The problem:
Every line below is to be quoted exactly, with nothing added or dropped.

Data segment:
■ ■ ■ ■

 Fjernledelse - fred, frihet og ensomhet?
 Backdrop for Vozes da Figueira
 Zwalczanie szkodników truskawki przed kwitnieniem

■ ■ ■ ■

Output below:
 Fjernledelse - fred, frihet og ensomhet?
 Backdrop for Vozes da Figueira
 Zwalczanie szkodników truskawki przed kwitnieniem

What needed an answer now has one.